On this basis, the M&S food business is not in a healthy state, as although total first-half sales grew by 4.4% on the back of all the Simply Food store openings and 2% food price inflation, like-for-like sales were fractionally down by 0.1%.
And food gross margins were down by as much as 130bps over the half.
M&S clearly has work to do to fix its food business. It needs to improve the price architecture, focus the product ranges and cut back on the confusing number of promotions.
And as all the new Simply Food stores seem to be cannibalising sales from the M&S Foodhalls on the high street, the rapid expansion programme is clearly going to be scaled back.
Fortunately, Steve Rowe has managed to put out some fires elsewhere in the business and the fact that adjusted first-half pre-tax profit of £215m was only 5% down owed much to a surprisingly strong recovery in international profits, from £18m to £60m, reflecting the elimination of loss-making overseas markets and stores.
And although M&S enjoyed some helpful weather conditions in its second quarter, it was encouraging to see that like-for-like sales in UK clothing and home were only fractionally down.

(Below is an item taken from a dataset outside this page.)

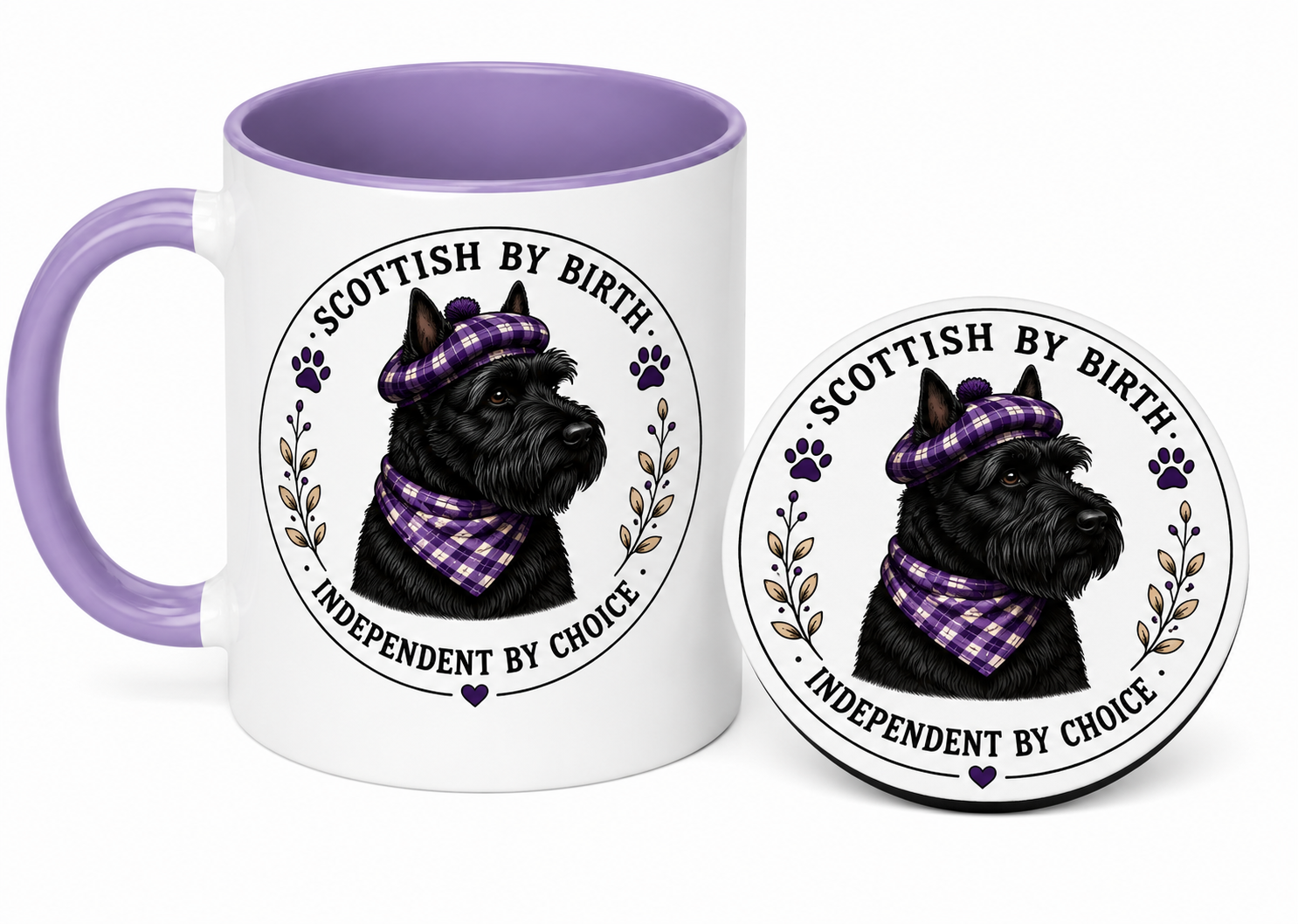 Scottish Terrier. Loyal to my People. Sceptical of Yours.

First-half gross margins were up by a better than expected 140 basis points, reflecting improved sourcing and reduced discounting.
It is also encouraging that M&S has the confidence to accelerate the UK clothing and home space rationalisation plan, having been pleased with the sales transfers from closed stores so far.
That the business aspires to be one-third online by 2022.
Running hard to stand still
But the world is not standing still, waiting for M&S to gets its act together.
Steve Rowe’s presentation today highlighted that the business faces competitors like Asos and Amazon Fashion that were barely around 10 years ago, let alone the likes of Primark.
And it goes without saying that the outlook for UK consumer spending growth is restrained, to say the least.
Although M&S aspires to cut at least 10% off its UK operating cost base in the next few years, it remains to be seen how much, if any, of this drops through to the bottom-line, given the need to invest in value.
The City is willing to back Norman, given his impressive track record, and together with Rowe it may be possible for him to transform M&S over the next five years.
But the external challenges may ensure that M&S simply has to run hard to stand still – the fact that its share price has been broadly unchanged today speaks volumes for the uncertain outlook.